Do you have speaker wire connections on the back of your sub? Or just the single RCA plug? If its annoying you that much, it sounds like it could be defective a little. Usually when you notice it, its not too big of a deal. Sounds like yours may be louder then normal.


----------



## Guitar1969 (Oct 19, 2006)

phat78boy said:


> Do you have speaker wire connections on the back of your sub? Or just the single RCA plug? If its annoying you that much, it sounds like it could be defective a little. Usually when you notice it, its not too big of a deal. Sounds like yours may be louder then normal.
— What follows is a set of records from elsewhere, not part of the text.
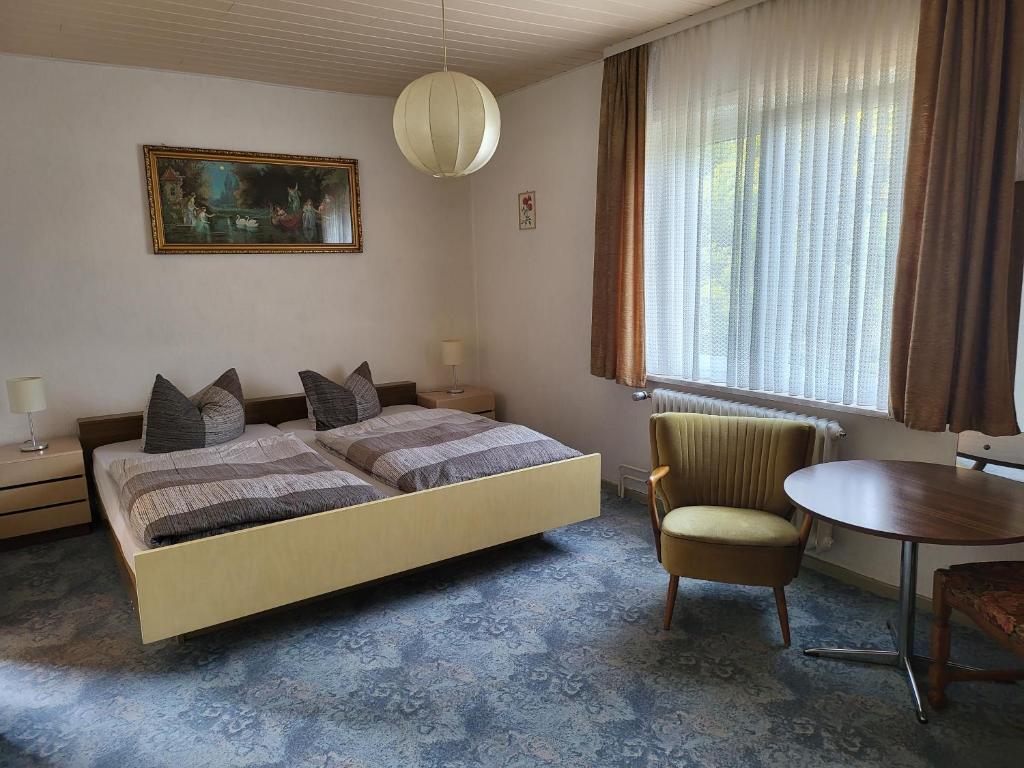 Postel nebo postele na pokoji v ubytování Hotel Zur Schanze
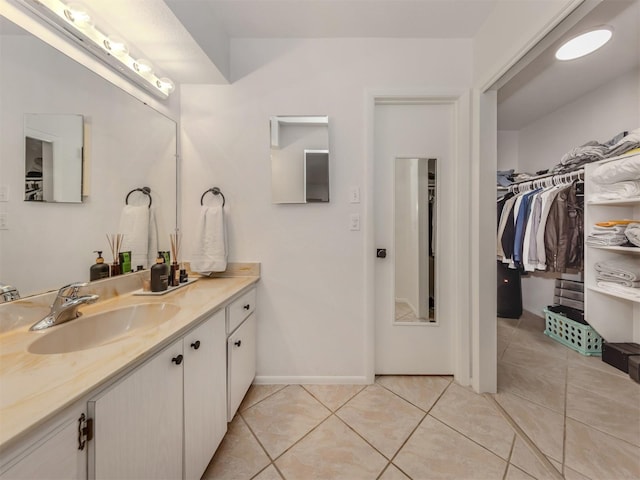 bathroom with tile patterned flooring and vanity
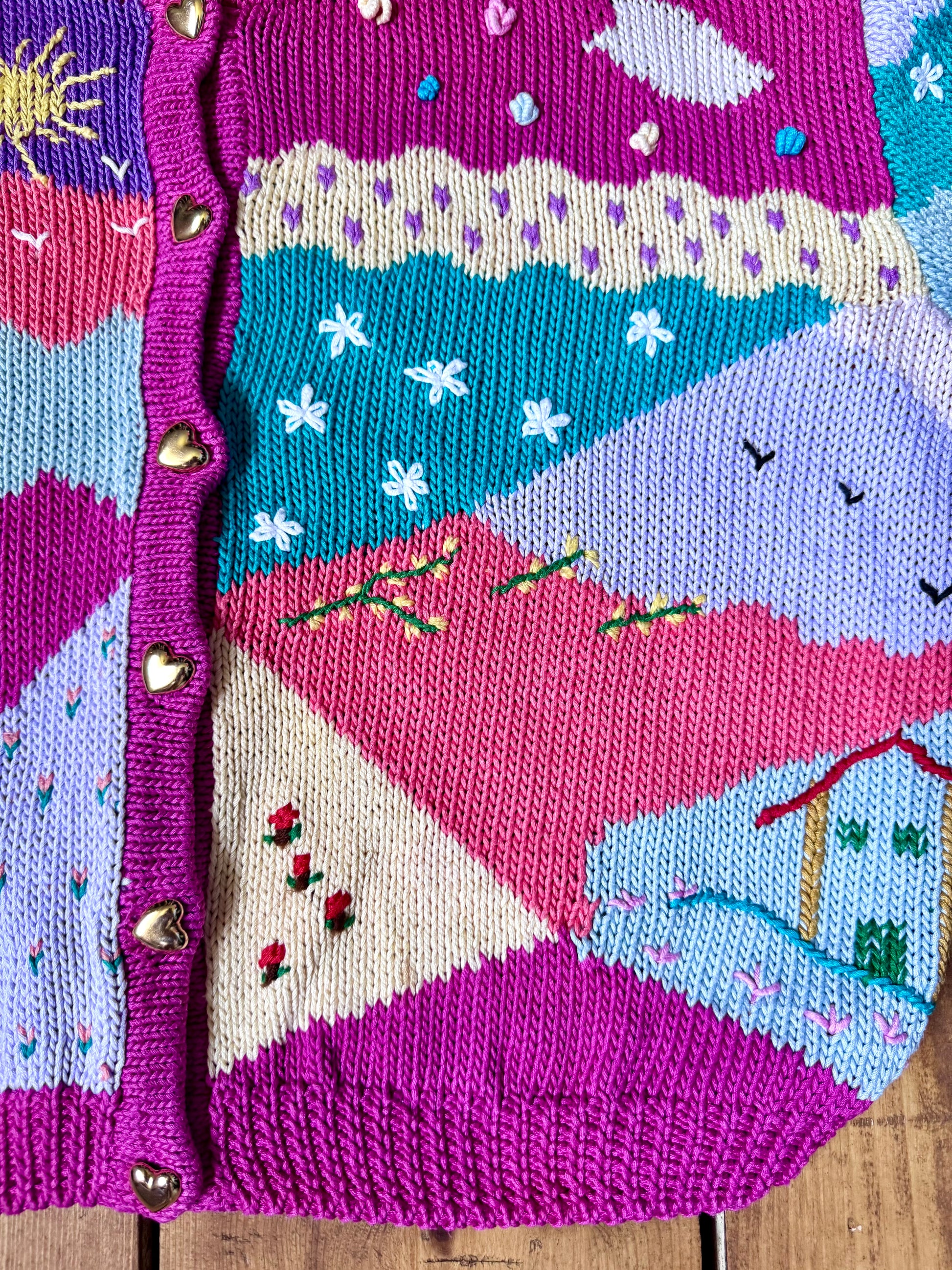 One-of-a-kind vintage kid's cardigan with embroidered countryside scenes and heart buttons. A colourful nostalgic knit, handpicked for Bee Tiny kids vintage.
My sub has speaker connections, but my AV receiver doesn't for the sub, - just the RCA connections(And 4 of them at that so you can hook up 4 subwoofers - I know its ridiculous). I am going to see if turning dow nthe crossover freq will help, as I would assume the sound would be less pronounced then.


----------



## phat78boy (Sep 12, 2007)

I understand. Let us know if the reducing the freq works.


----------



## whatchel1 (Jan 11, 2006)

Guitar1969 said:


> My sub has speaker connections, but my AV receiver doesn't for the sub, - just the RCA connections(And 4 of them at that so you can hook up 4 subwoofers - I know its ridiculous). I am going to see if turning dow nthe crossover freq will help, as I would assume the sound would be less pronounced then.


Give the model # of the sub & the receiver. Changing the crossover freq will not change the characteristics of the sub amp combo. What JBL will do is set it either stay on all the time or put a passive crossover in after the amp to cut off the hig freqs generated by the amp when it turns on. Changing the crossover will not do this since it is being generated by the turn on of the amp. The crossover the is built in before the amp and will notstop a high frequency noise transit produced by the amp.


----------



## Moridin (Mar 22, 2005)

Rob Glasser said:


> On a similar note I've noticed that ever since I got my new Pioneer TV that whenever I turn off my system (Dish 722, AVR, and TV, I get this low rumbling sound out of my sub that dwindles down to nothing over a few seconds. Really annoying. I never had this before I switched out my old Pioneer Plasma to a new Kuro model a few weeks ago. It's like some residual signal is being sent to the sub during the power off.
> 
> Anyone else seen this? Have any ideas?


If both your sub and your AVR have 12V trigger connections, that would definitely solve the problem.


----------



## Grandude (Oct 21, 2004)

Guitar1969 said:


> One thing is my new Sony 910 AV receiver had me set the crossover Freq to max on the Sub(And then it does the auto calibration) - I may try to turn down the crossover Freq to maybe minimize the Chirp. Question, can anyone recommed where to set the Subs Crossover Freq on a sub - My fronts and rears are set to large so some of the bass is being handled by them - not sure if large is the best setting for them - their Bose 2 front satellites paired with their bass box so they handle bass pretty well, and then 2 rear bookshelf Bose speakers that handle bass pretty good.
> Any ideas or recommendations are appreciated.


When setting up my AV receiver with a subwoofer the instructions were to select small for the front and rear speakers. I don't expect that this would make any difference but certainly worth trying to see what happens.


----------



## BatStang2000 (Sep 6, 2007)

I have had this same model subwoofer for over a year now. The "chirp" has always been there. Guess I just got used to it.


----------



## cdub998 (Aug 16, 2006)

Guitar1969 said:


> Its a JBL 12" 250Watt E250P. I contacted JBL and this is the answer - sounds right on:
> 
> "Good afternoon and thank you for your inquiry. A slight chirp or pop
> is
> ...


If you get the pop from it waking up a lot try raising the sub output on your avr and lowring the gain on your sub so the level is the same. With more output from the AVR your sub is more likely not to fall asleep while you are playing music. Hope this helps.


----------